Work item:
Repeat, please, exactly the lines from the one that has "New Ice Mold" through the end of the records below, with pictures dropped.

╭─ The data

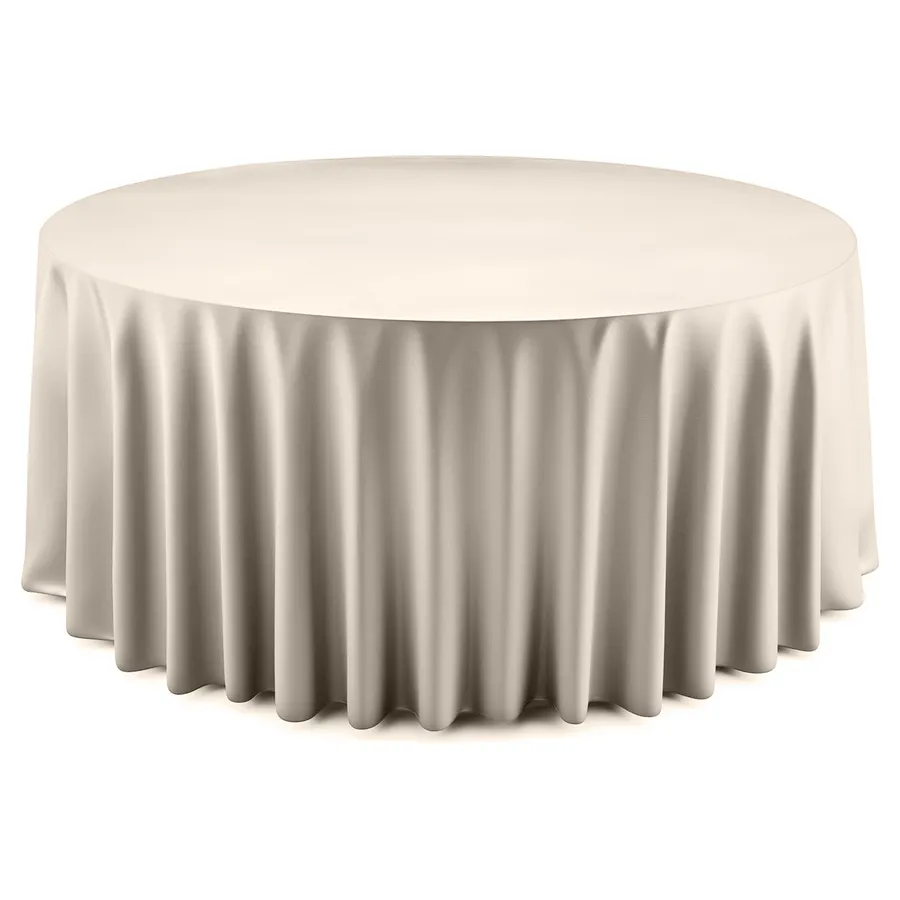 Скатерть "Шелк" пудровая | круглая - Фото миниатюра 1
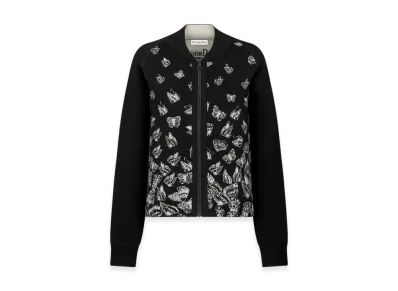 Dior Women's Dioralps Reversible Bomber Jacket Technical Cashmere Knit Gradient Butterflies Motif "Black"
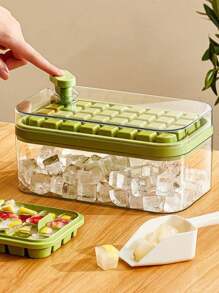 New Ice Mold Click Effortless No Struggle To Remove Ice Cubes Fruit Drinks Christmas Juicer - 綠色 - 查看 3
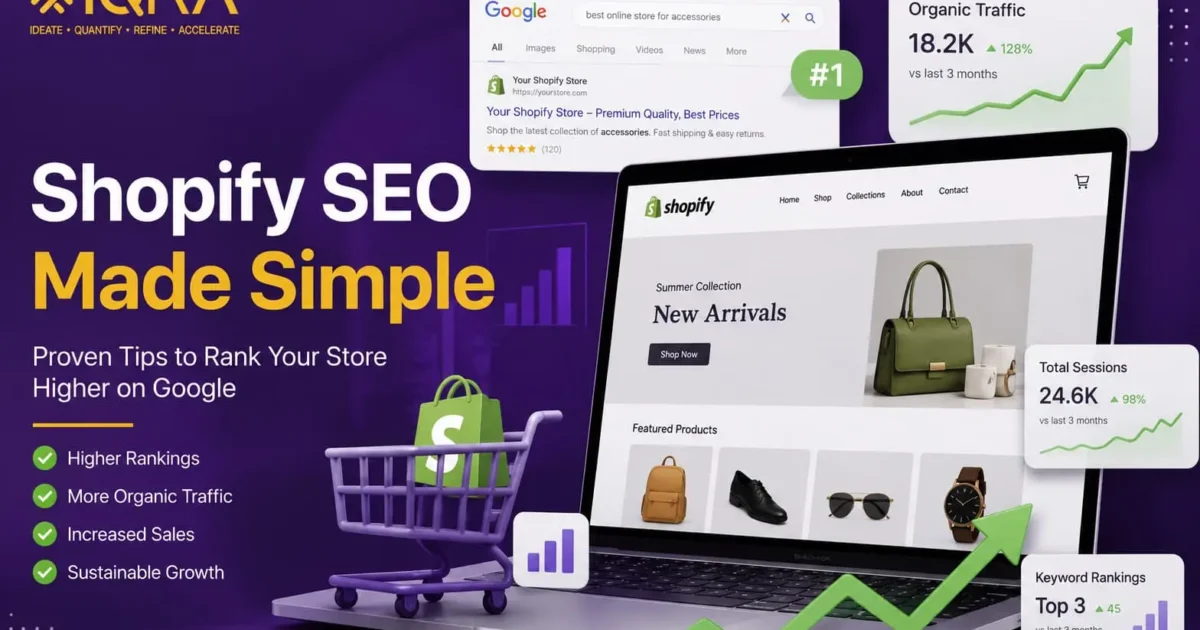 Shopify SEO guide showing ecommerce store ranking higher on Google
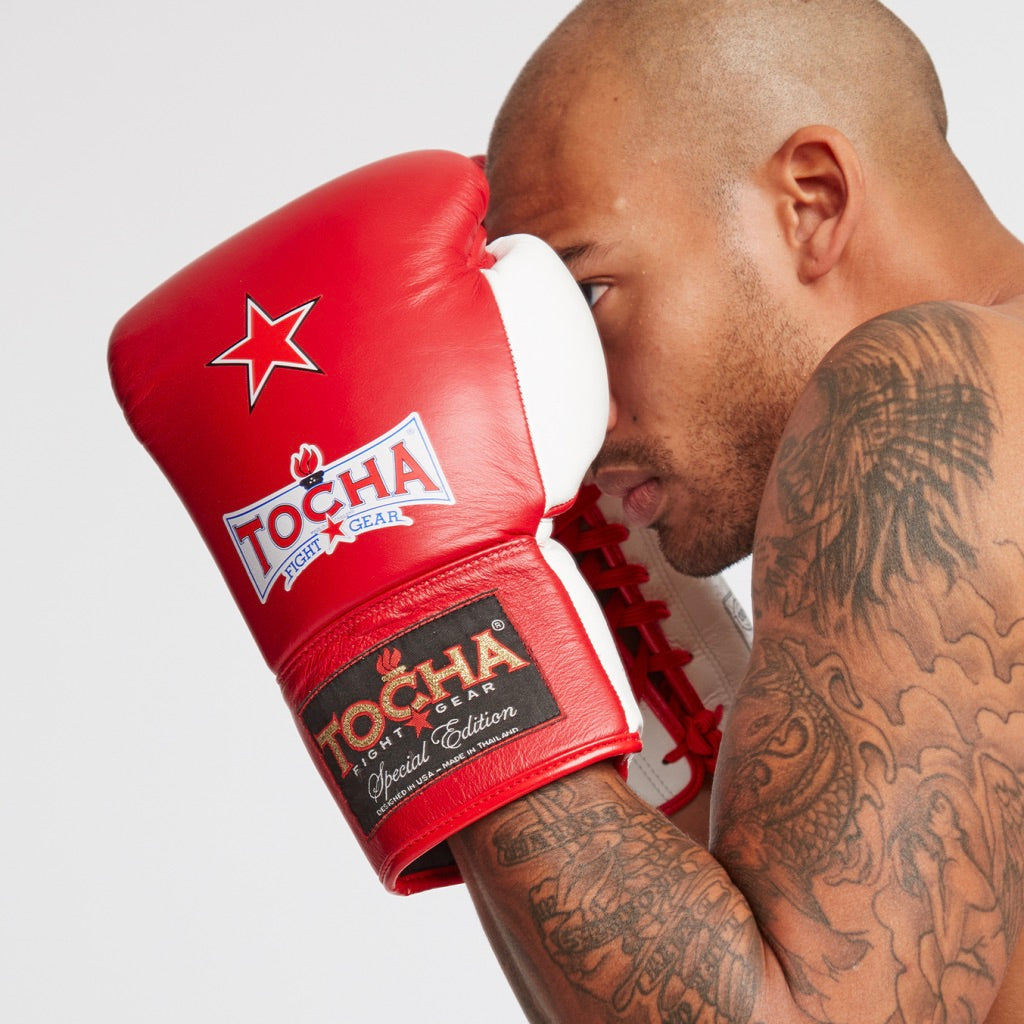 Tocha Fight Gear - Red Lace Up Muay Thai Gloves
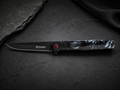 Sigma Stiletto-Style Ball-Bearing Flipper – Black Blade – Black Marble Handle - #1000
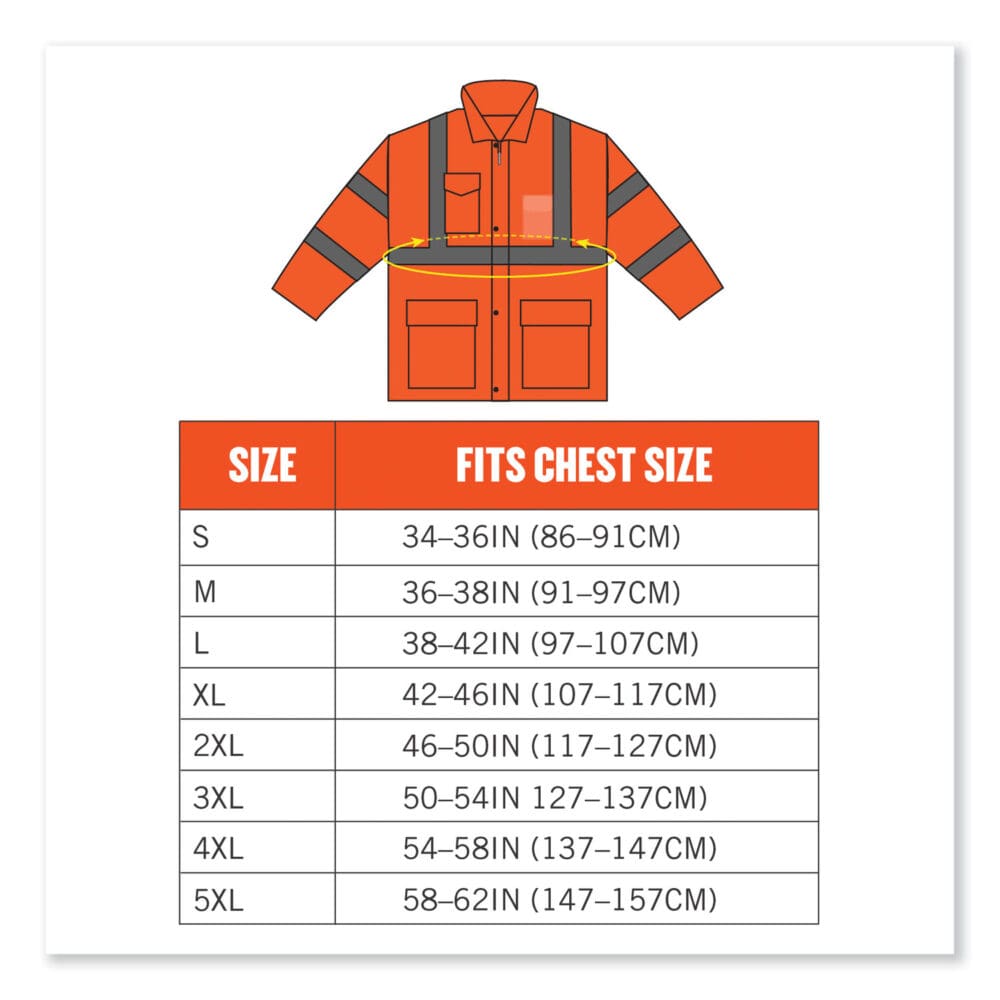 GloWear 8365 Class 3 Hi-Vis Rain Jacket, Polyester, Small, Orange, Ships in 1-3 Business Days - Image 8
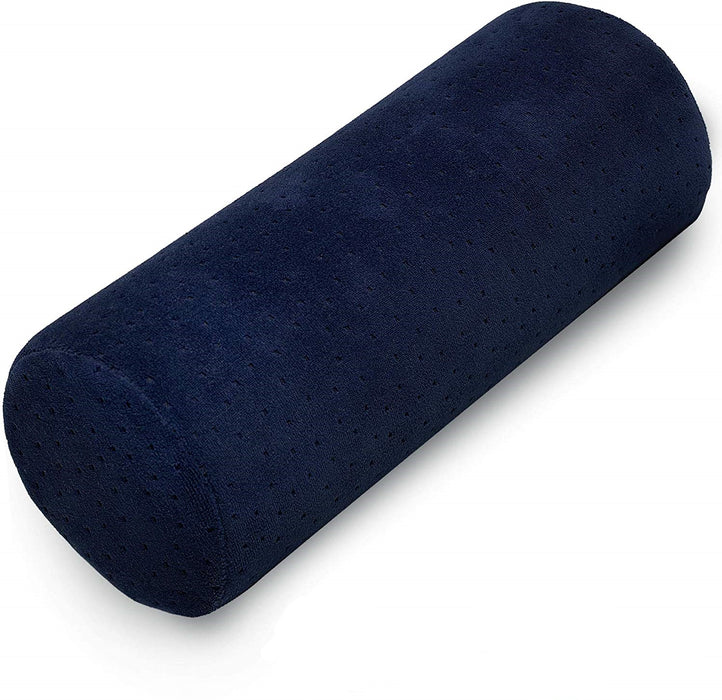 Round Cervical Roll Pillow – Bamboo Cover, Neck & Spine Support (Navy)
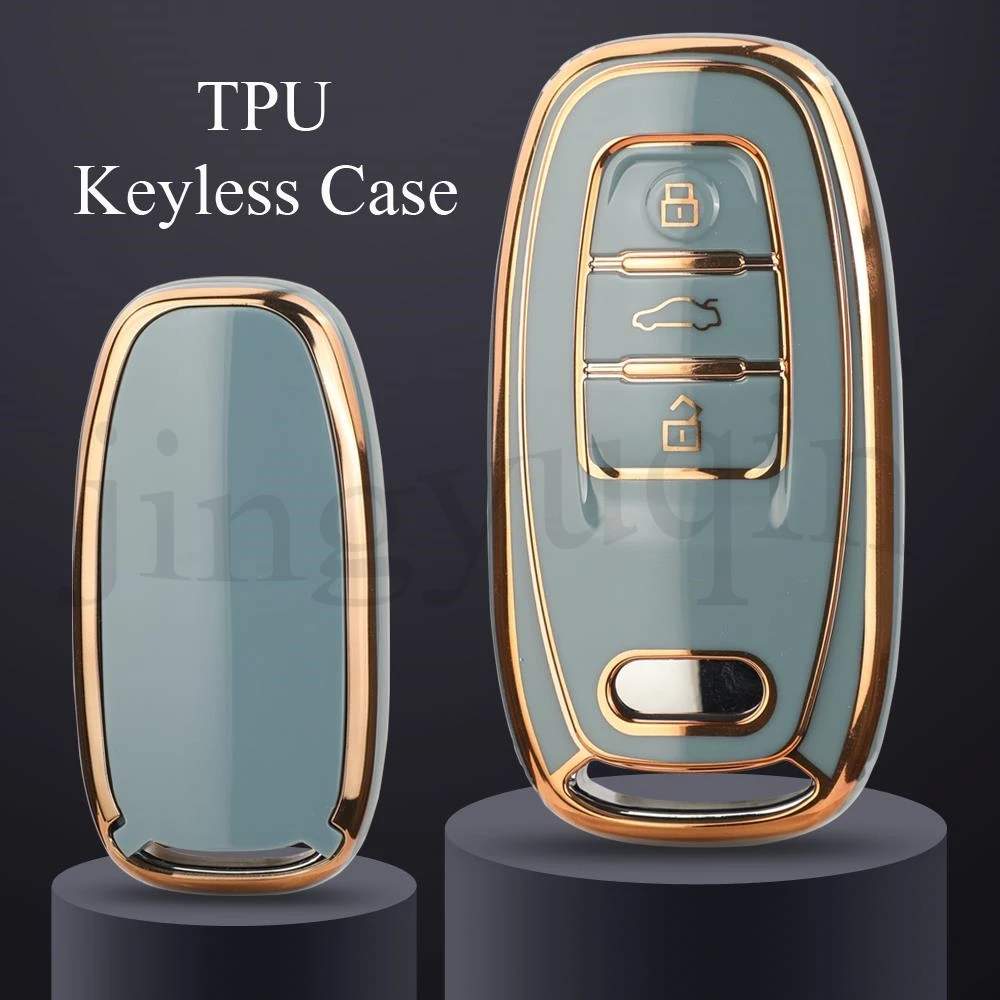 Jingyuqin 3BTN Fashion Soft TPU Car Key Case fob For Audi A1 A3 8V A4 B8 B9 A5 A6 C7 A7 A8 Q3 Q5 Q7 S4 S6 S7 S8 R8 Protector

╰─

Answer to the exercise:
 New Ice Mold Click Effortless No Struggle To Remove Ice Cubes Fruit Drinks Christmas Juicer - 綠色 - 查看 3
 Shopify SEO guide showing ecommerce store ranking higher on Google
 Tocha Fight Gear - Red Lace Up Muay Thai Gloves
 Sigma Stiletto-Style Ball-Bearing Flipper – Black Blade – Black Marble Handle - #1000
 GloWear 8365 Class 3 Hi-Vis Rain Jacket, Polyester, Small, Orange, Ships in 1-3 Business Days - Image 8
 Round Cervical Roll Pillow – Bamboo Cover, Neck & Spine Support (Navy)
 Jingyuqin 3BTN Fashion Soft TPU Car Key Case fob For Audi A1 A3 8V A4 B8 B9 A5 A6 C7 A7 A8 Q3 Q5 Q7 S4 S6 S7 S8 R8 Protector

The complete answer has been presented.